Memandang Pelintiran Kebencian melalui Lensa Politik
Pertikaian
Sosiologi politik yaitu ranah yang paling kondusif untuk proyek saya.
Akademisi di sub-disiplin ini telah mencoba memahami keragaman
bentuk perjuangan politik kolektif, seperti protes, gerakan sosial, dan
revolusi. Mereka memakai istilah “aksi pertikaian kolektif ” guna
menggambarkan konfrontasi antara pemberontak, elite, dan pemerintah
yang minim sumber daya, juga lawan-lawan lain yang lebih mapan.30
Separuh jalan mengeksplorasi aneka tradisi berpikir, saya menyadari
bahwa pelintiran kebencian juga dapat dianggap sebagai teknik dalam
politik pertikaian. Studi gerakan sosial biasanya menyoroti gerakan-gerakan
dengan agenda progresif, seperti HAM dan aktivisme lingkungan. Tapi,
secara konseptual tidak ada alasan mengapa konsep dan alat analisis yang
serupa tidak dapat diaplikasikan kepada agenda-agenda anti-demokrasi,
mengingat bahwa gerakan tidaklah didefinisikan oleh tujuannya,
melainkan oleh metodenya — yaitu penggunaan politik pertikaian guna
mengompensasi kelemahan relatif mereka, atau keterpinggiran mereka,
dari lingkaran elite.
memakai lensa ini, jelas bahwa agen pemelintir kebencian,
seperti pemimpin gerakan sosial, mencoba membuat orang-orang
memikirkan situasi mereka sedemikian rupa sehingga muncul solidaritas
dan dukungan terhadap tujuan mereka.32 Guna mencapai hal ini, mereka
terlibat dalam pembingkaian kultural dan intervensi kognitif.33 Seperti
dikatakan sosiolog William Gamson, “bingkai ketidakadilan” bisa secara
efektif memobilisasi pendukung.
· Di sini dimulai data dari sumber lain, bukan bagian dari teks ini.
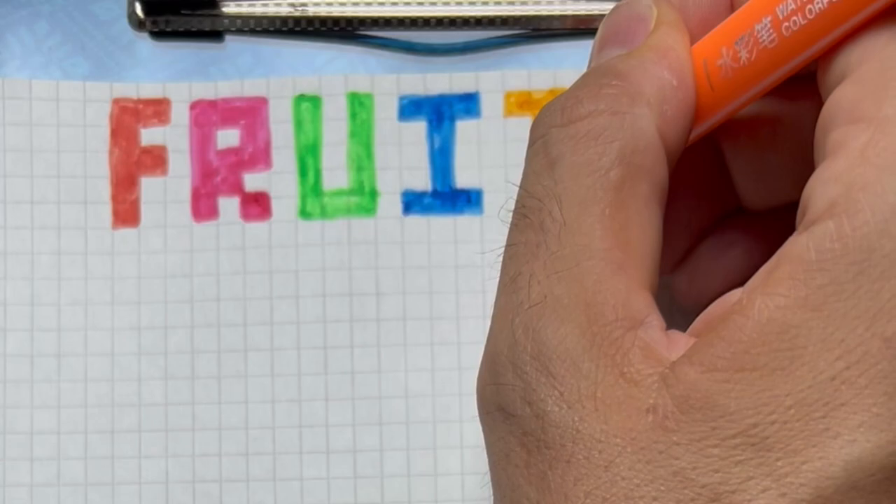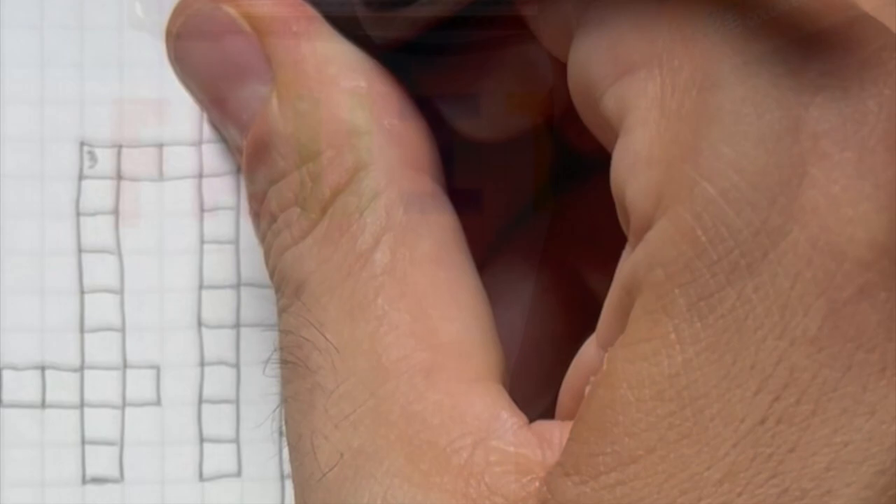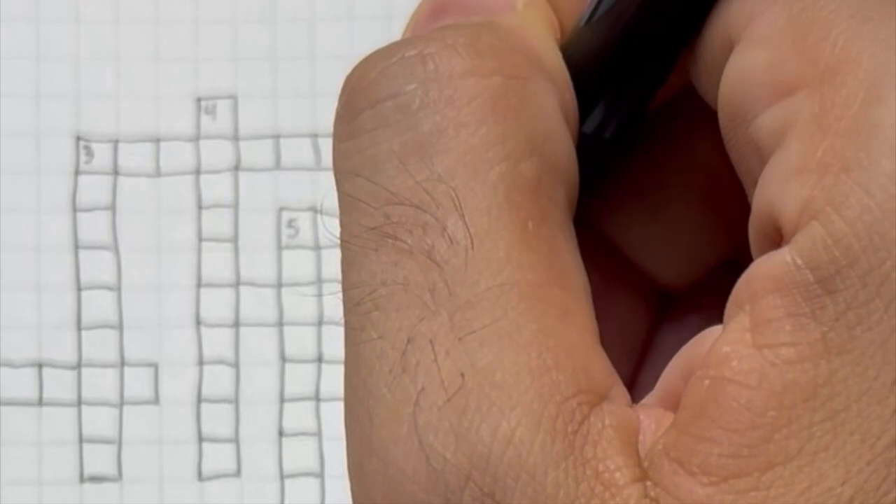Second, let's write the heading 'Fruit' in various colors on the very top of your graph paper, and then draw the same number of boxes as the fruit on your scrap paper. Be sure to mark every first box with a number from 1 to 6.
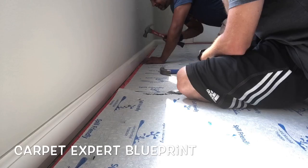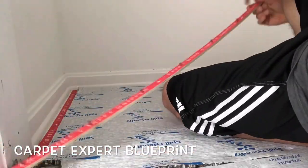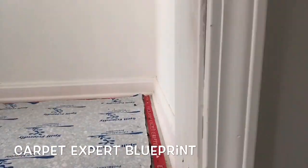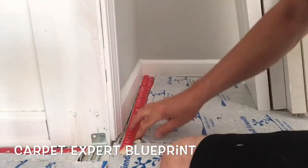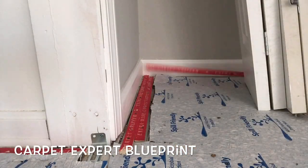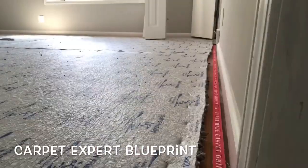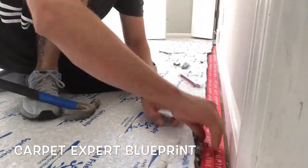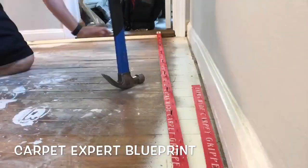I just like to smack it with a hammer where it needs to get cut, and then I'm good to go. You can see where I trimmed the pad out where we had the little overlap. I'm working my way around the room in full fast forward now, and we may catch a scene of me breaking tack strip with the hammer to save time and energy.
Bingkai ini menciptakan narasi yang
meyakinkan anggota sebuah kelompok bahwa ada pihak kuat di luar
sana yang melanggar kepentingan dan nilai mereka.34 saat diletakkan
dengan simbol-simbol yang kuat, bingkai ketidakadilan menjadi lebih
relevan bagi anggota kelompok ini . Simbol-simbol ketidakadilan
ini bisa bertahan lama, seperti dalam kasus Holokaus bagi orang Yahudi,
namun banyak di antaranya yang hanya berlaku sebentar, sehingga
aktivis perlu terus-menerus mencari simbol-simbol baru. Hal ini dapat
menjelaskan antusiasme agen pemelintir kebencian dalam menyatakan
sebuah buku atau video sebagai bentuk penghinaan terhadap komunitas
mereka. Ilmuwan politik Thomas Olesen menghasilkan kesimpulan serupa
dalam studinya, saat dia membahas insiden-insiden seperti publikasi
kartun Nabi Muhammad dan skandal tahanan Teluk Guantanamo. Dia
berargumen bahwa kedua peristiwa ini dimanfaatkan sebagai simbol
ketidakadilan transnasional.35
Studi politik pertikaian juga telah memberikan kita konsep “repertoar”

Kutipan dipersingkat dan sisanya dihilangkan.